Gal Gadot, the Israeli actress who plays ‘Wonder Woman’ in the movie adaptation of the popular DC Comics character, is in the limelight of the Indian media space not for her movie, but for sharing the picture of Shaheen Bagh’s Bilkis Bano as one of the women whom she draws inspiration from.
Gadot shared a picture of Bilkis Bano and wrote, “Bilkis. This 82-year-old activist fighting for women’s equality in India showed me it’s never too late to fight for what you believe in.”
This triggered a backlash from Indian social media users who criticised the Israeli actor for posting misleading information about Bilkis Bano and wrongly attributing her for fighting for women’s equality. They informed her that far from championing the cause of women, Bilkis Bano was involved in the protests that opposed the Indian government’s decision to expedite the citizenship of refugees who have been facing religious persecution and genocide in India’s neighbouring Islamic majority nations. Shortly thereafter, the story was deleted by Gadot but it remains in her Instagram photos.
Gal Gadot to feature in a movie with controversial Indian actor Ali Fazal
Gal Gadot’s post on Bilkis Bano has left many wondering as to what got the actor into falsely claiming the octogenarian woman as an ‘activist fighting for women’s equality’. Many have pointed out to the actor’s professional association with the controversial Indian actor Ali Fazal, who had celebrated violence that was unleashed in the aftermath of the passage of the Citizenship Amendment Act in December 2019.
It seems @GalGadot is not only co-starring with @alifazal9 in “Death on the Nile” but they are also sharing the same PR agency. What else explains her Bilkis Bano tweet? pic.twitter.com/IP4QfueYGr
— Monica (@TrulyMonica) December 31, 2020
Fazal is all set to share the screen with the ‘Wonder Woman’ Gal Gadot in 20th Century Fox’s upcoming adaptation of Agatha Christie’s “Death on the Nile”. The film is a follow-up to the studio’s 2017 blockbuster “Murder on the Orient Express” that starred Hollywood actor Johnny Depp and was also an adaptation of Christie’s novel of the same name. The movie is going to be directed by Kenneth Branagh, who also presided over the first part and will play the role of the moustachioed Belgian detective Hercule Poirot.

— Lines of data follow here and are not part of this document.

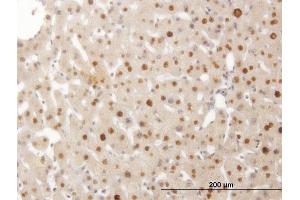 Immunoperoxidase of monoclonal antibody to SMAD6 on formalin-fixed paraffin-embedded human liver. (SMAD6 antibody  (AA 285-384))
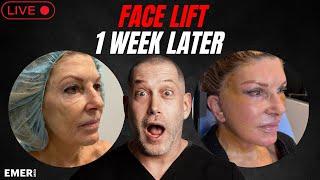 1 WEEK POST OP AFTER FULL FACIAL LIFTING SURGERY AND LASER COMBINATION | Dr. Jason Emer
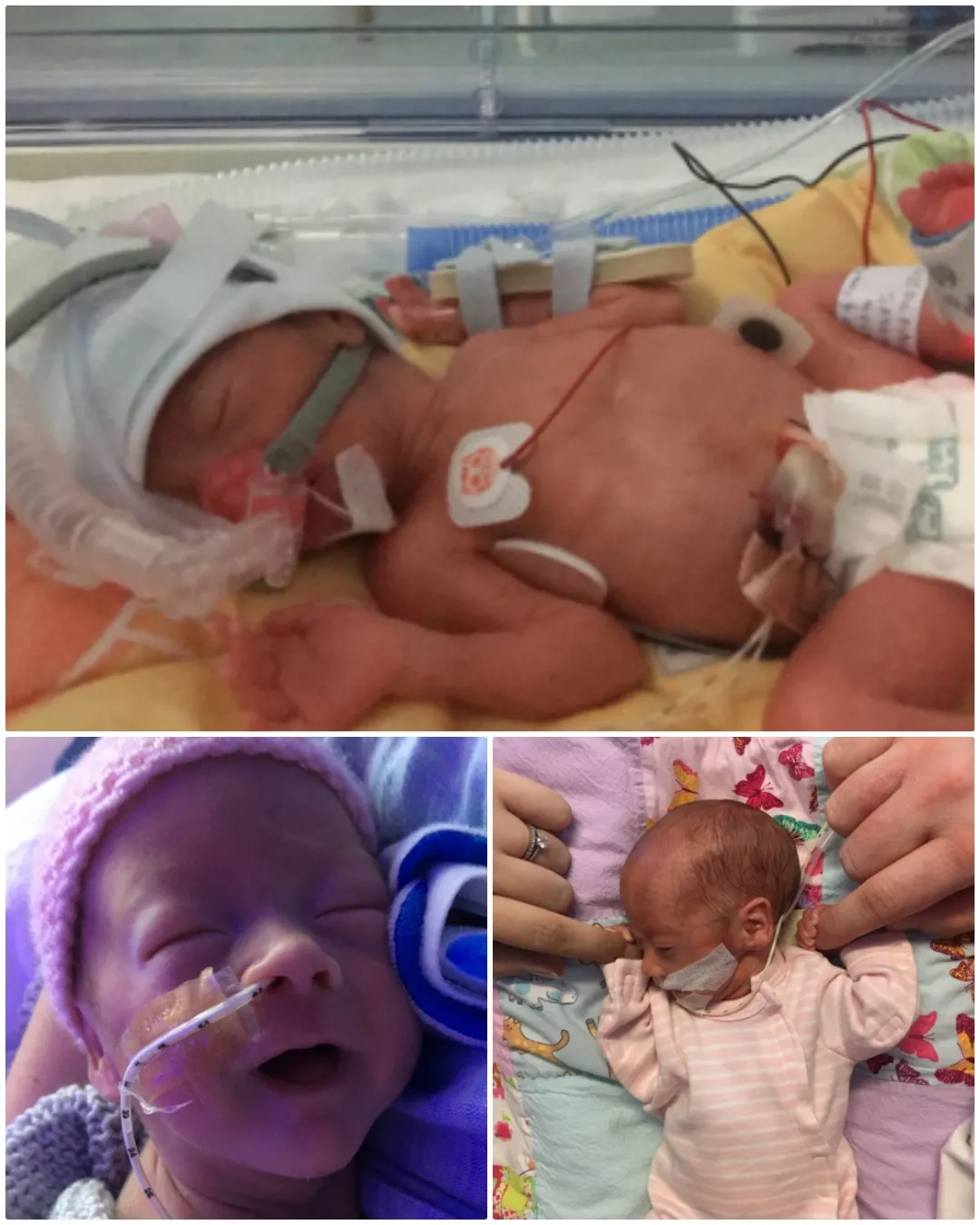 Support in the Darkest Times: How Ronald McDonald House Charities UK Helped Our Family.739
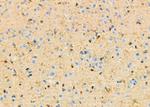 IVD Antibody in Immunohistochemistry (Paraffin) (IHC (P))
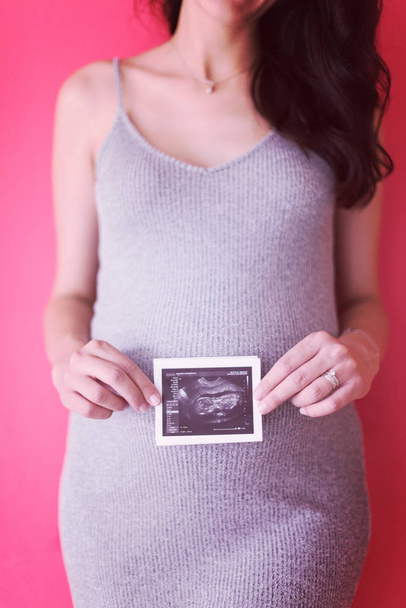 smiling pregnant woman showing ultrasound picture of her unborn baby isolated on red background - Photo, image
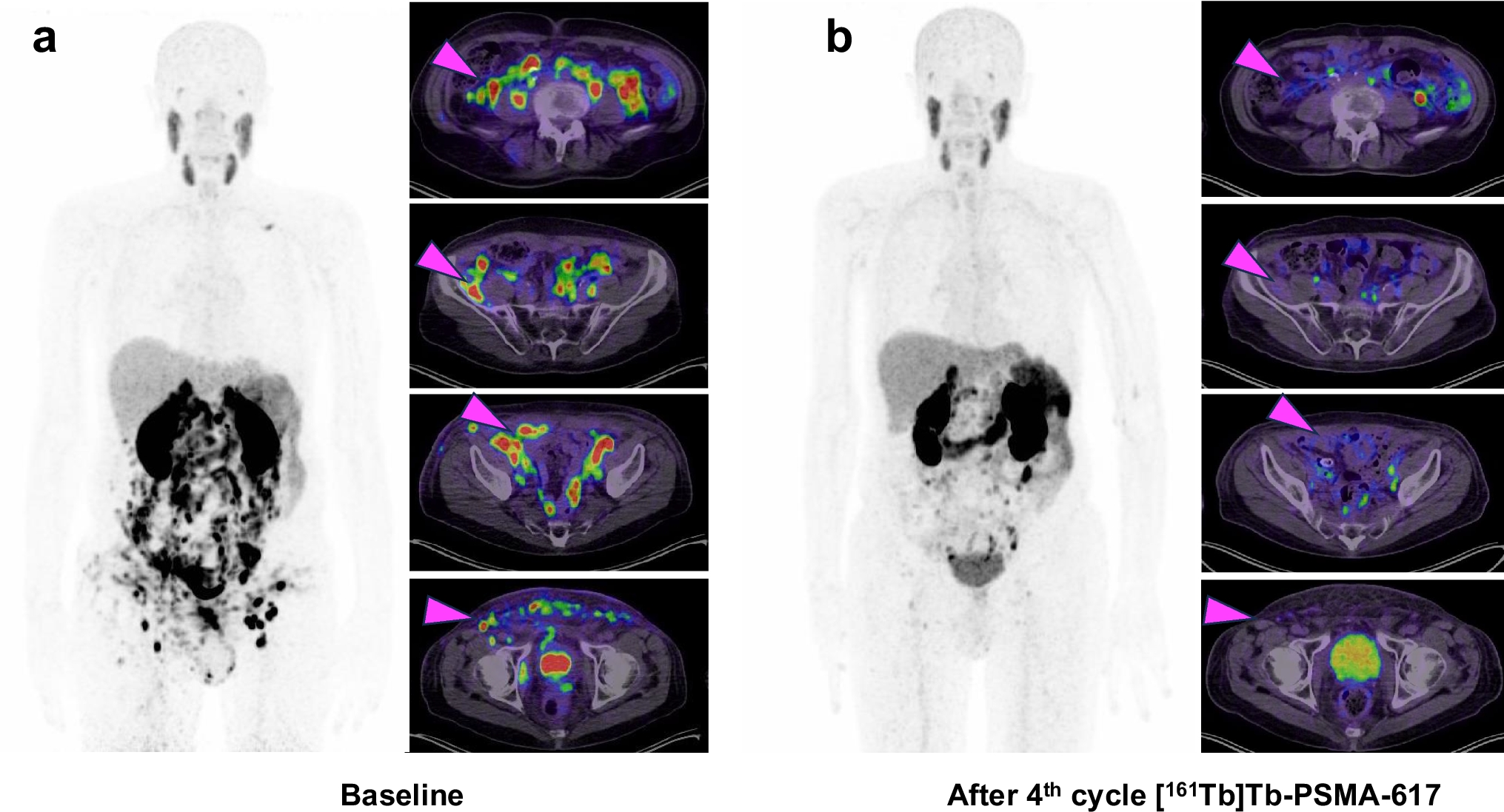 Auger Emitting [Tb]Tb-PSMA-617 Radioligand Therapy in mCRPC with Peritoneal Carcinomatosis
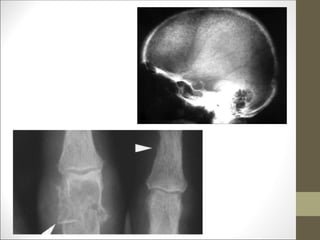 subperiosteal resorption
 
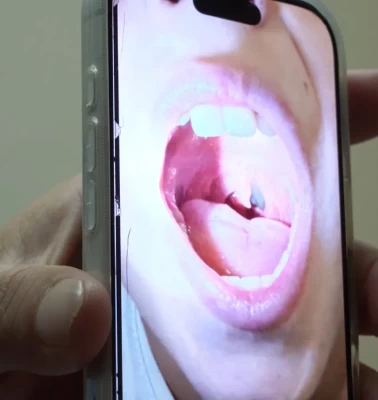 Çocuğun boğazından canlı sülük çıktı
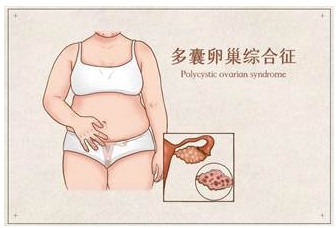 多囊卵巢综合征|多囊也会遗传？得了多囊怎么办？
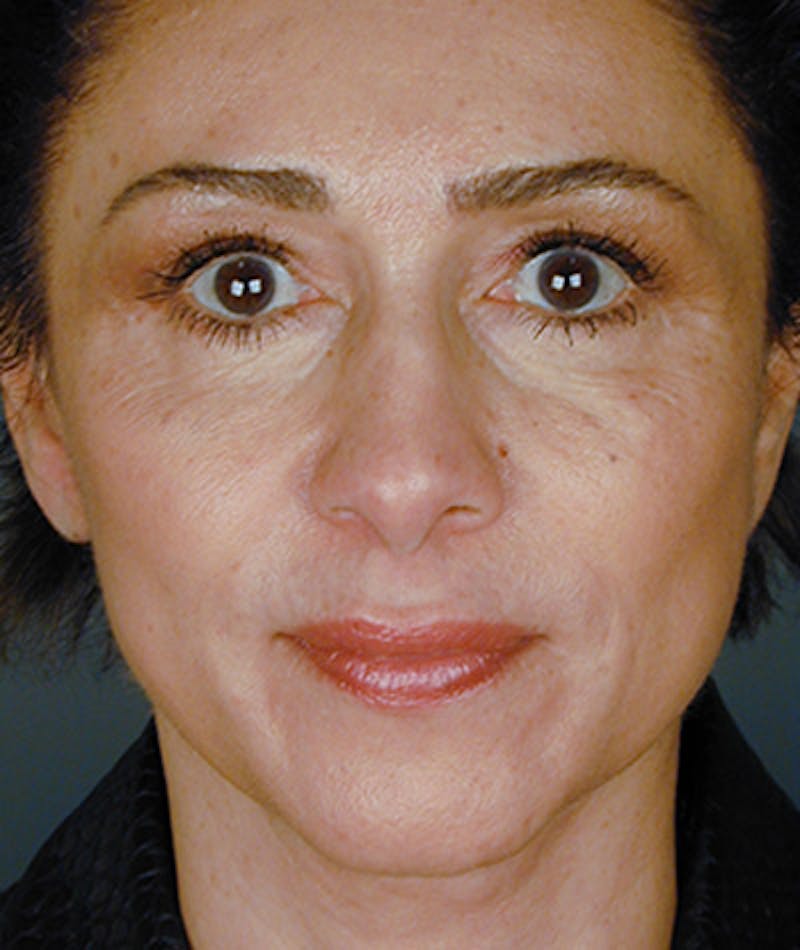 Facelift Before & After Gallery - Patient 108404000 - Image 6
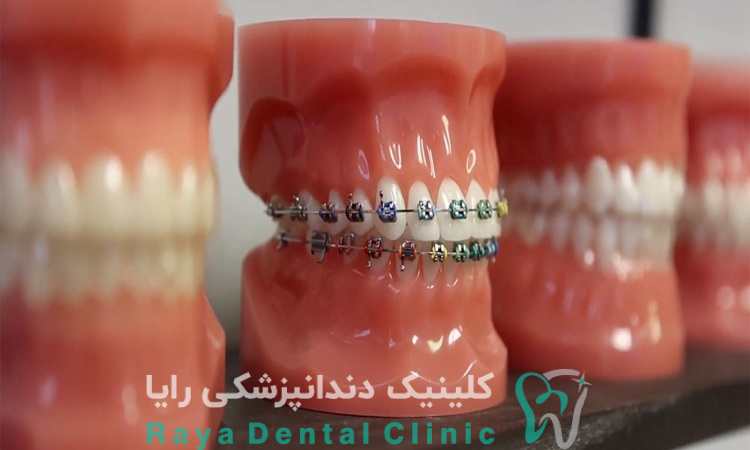 انتخاب بهترین نوع ارتودنسی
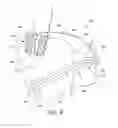 Fig. 09 - Augmented suture construct for syndesmotic stabilization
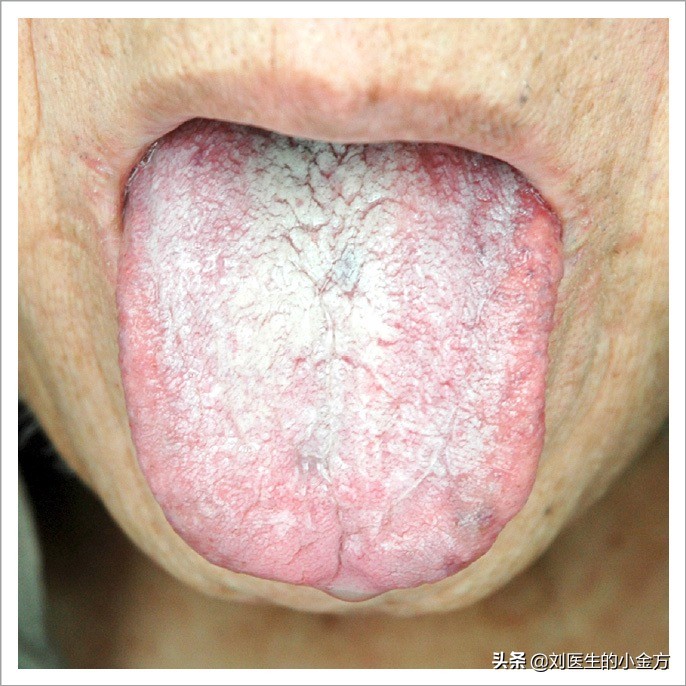 中医舌诊图解100例,中医舌诊图与舌诊口诀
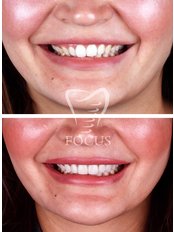 Smile Makeover Laminate (20 e-max veneers) - Focus Dental Clinic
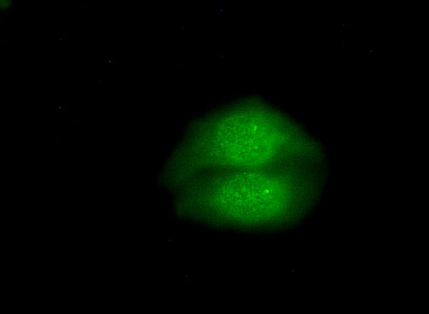 Phospho-beta Catenin (Ser675) pAb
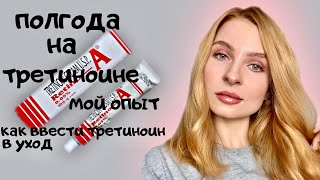 ПОЛГОДА НА ТРЕТИНОИНЕ 😱💜 Мой опыт использования третиноина 👸Средство ПРОТИВ МОРЩИН и ПРЫЩЕЙ💉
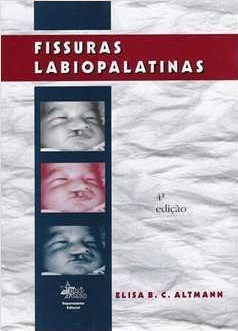 Fissuras Labiopalatinas - Elisa B. C. Altmann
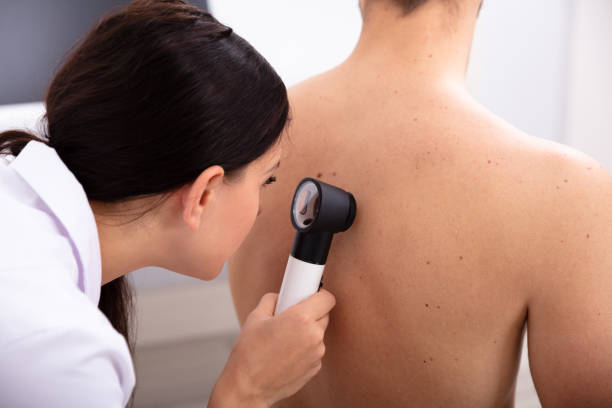 Doctor Examining Pigmented Skin On Man's Back Female Doctor Examining Pigmented Skin On Man's Back With Dermatoscope dermatology stock pictures, royalty-free photos & images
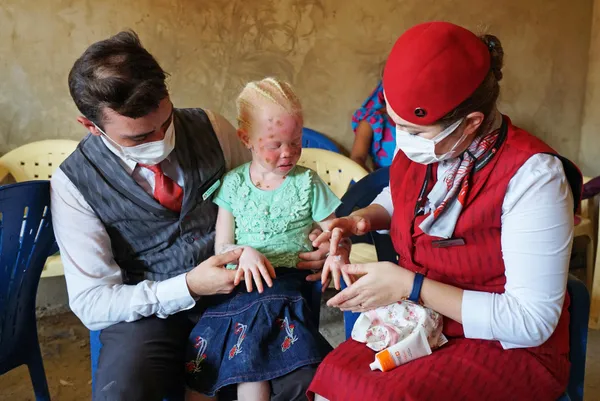 thy-afrikada-gunesten-saklanan-albino-hastasi-cocuklara-merhem-oldu-1634463986500.jpg THY Afrika'da güneşten saklanan albino hastası çocuklara merhem oldu-5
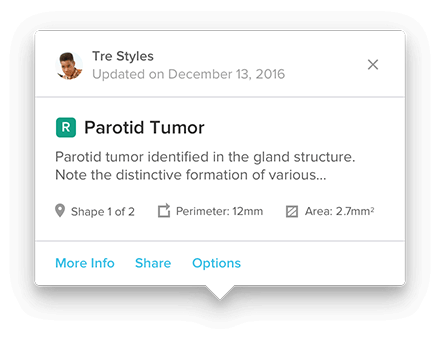 An annotation preview popover with statistics for shape perimeter and area.
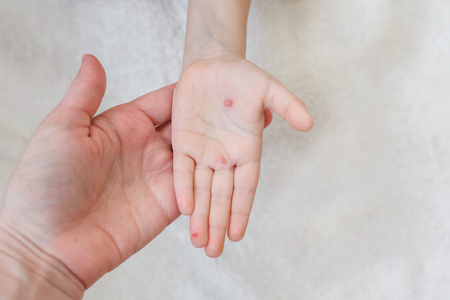 The hand of a child with chickenpox in her mother's hand. Blisters on the hand from chickenpoxの写真素材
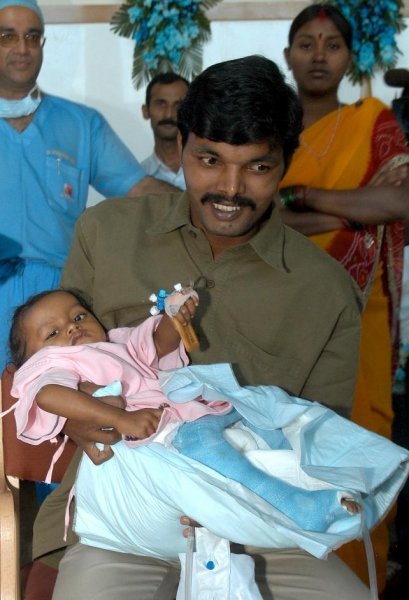 Lakshimi, la niña india que nació con ocho extremidades 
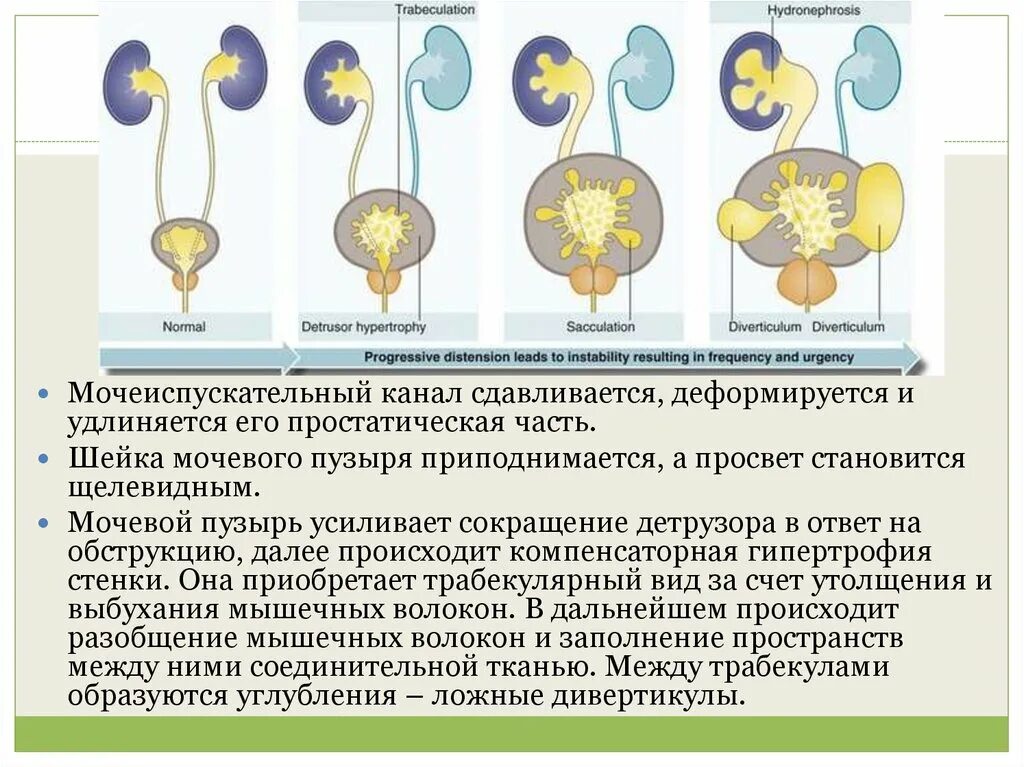 Просвет мочевого пузыря. Простатическая часть мочевого пузыря. Гипертрофия детрузора. Сокращение детрузора мочевого пузыря. Детрузор мочевого пузыря это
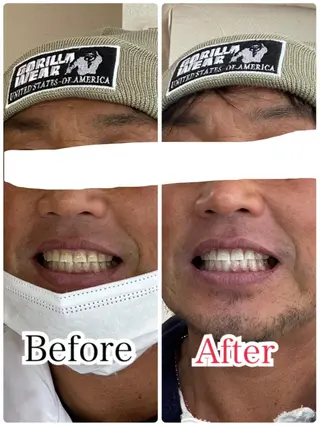 メンズ キッズ マツエク・マツパ アイブロウ プラチナムビューティー柏所属・【歯科提携】柏ホワイ トニングスタイルのその他イメージ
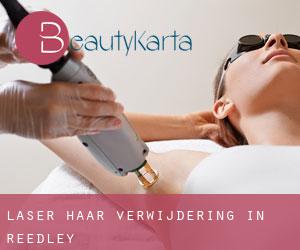 Laser haar verwijdering in Reedley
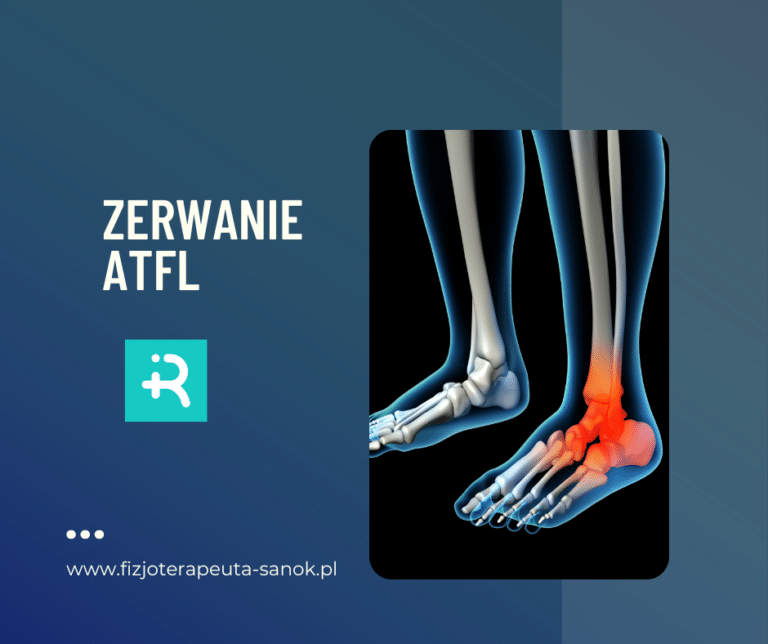 Zerwanie ATFL - uraz kostki.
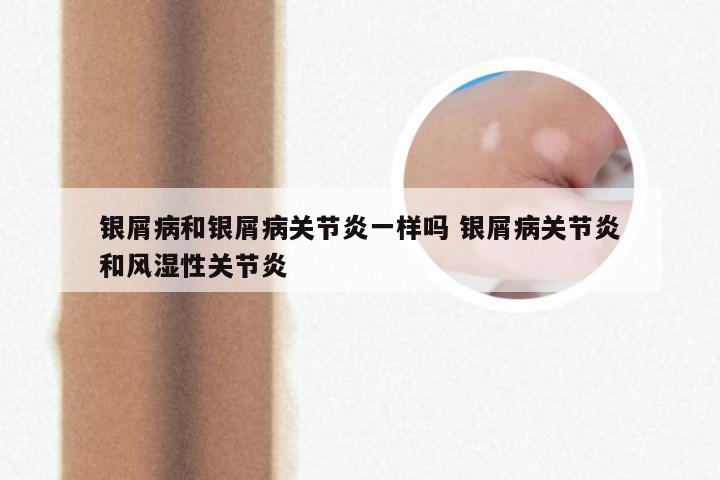 银屑病和银屑病关节炎一样吗 银屑病关节炎和风湿性关节炎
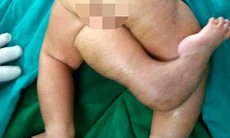 Lạ lùng bé gái sinh ra có 3 chân
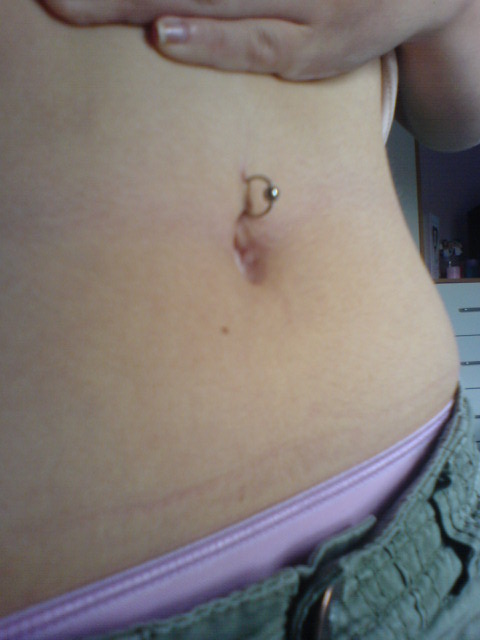 Belly Button Blunder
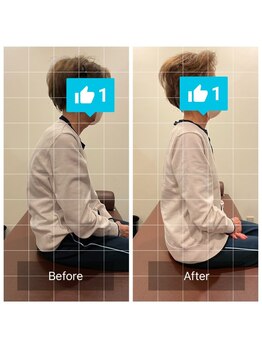 るい鍼灸整骨院/姿勢矯正年齢は関係ありません！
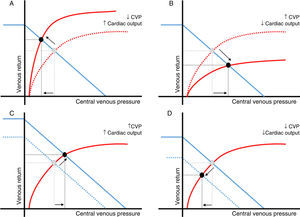 Relationship between changes in central venous pressure and cardiac output. Central venous pressure (CVP) is defined by the relationship between the right ventricular function (red) and venous return curves (blue). Intersection of both curves (black dot) determines a unique value of CVP and cardiac output. Changes in cardiac output and CVP in the same direction mainly reflect variations in the venous return (peripheral function). Changes in cardiac output and CVP in opposite directions are usually the result of a variation in cardiac function (central function). A: cardiac function improvement; B*: cardiac function worsening; C: venous return increase; D: venous return decrease. *In this particular scenario, an increase in extravascular pressure should be also considered (air trapping, intraabdominal hypertension, etc.). In these circumstances, transmural pressure and cardiac preload could be reduced.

It is being alleged that Bano’s inclusion in the Israeli actor’s list of “personal wonder women” may have been inspired from her co-actor, Ali Fazal, who has not shied away from extending his support to anti-CAA rabble-rousers. In the wake of the violence, stone pelting, vandalism and incidents of arson reported from many parts of the country following the enactment of the CAA in December 2019, Fazal had posted a tweet on the anti-CAA riots saying that he was enjoying it all.
Many prominent personalities had come in support of the anti-CAA protests, including the opposition political parties, thereby emboldening the demonstrators to continue their protests against the Citizenship Amendment Act. The protests continued for several months in Shaheen Bagh in Delhi and eventually culminated in the horrifying Northeast Delhi riots that shook the national capital.
Bilkis was not fighting for women’s rights, she wanted persecuted non-Muslims in Islamic nations to be left to die
Bilkis, who was featured in the list of top 100 influential people of 2020 in Times Magazine, was recently seen at farmers’ protests gaining some more footage for herself. Her presence had brought back the grim memories of the Shaheen Bagh protests, where Islamists sat on a so-called ‘protest’ beginning in December last year, against the Citizenship Amendment Act.
Bilkis along with the protestors had blocked a major highway and caused traffic disruptions for months. She was one of the leading ‘protestors’ at Shaheen Bagh against the humanitarian Citizenship Amendment Act. The sit-in protests disrupted the lives of the people of Delhi. Shaheen Bagh, the mecca of anti-CAA protests, was one of the major reasons that led to the worst anti-Hindu riots in recent history. Women like her were used as a shield at the sit-in protests. Anti-India slogans had attracted separatists from all over India and provided cover for the radicals and extremists. In the end, the riots happened and many including Dilber Singh Negi, IB officer Ankit Sharma and others were killed mercilessly.
Moreover, the anti-CAA protestors were essentially opposing the Indian government’s decision to grant citizenship to persecuted minorities in the three neighbouring Islamic nations, Pakistan, Bangladesh and Afghanistan. Hindus, Sikhs and Christians in these nations are facing genocide. They are killed, kidnapped and raped every day. But the so-called ‘protestors’ saw the humanitarian law as “anti-Muslim”. Bilkis Bano of Shaheen Bagh was the face of such an Islamic movement that wanted the persecuted non-Muslims to be left to be killed.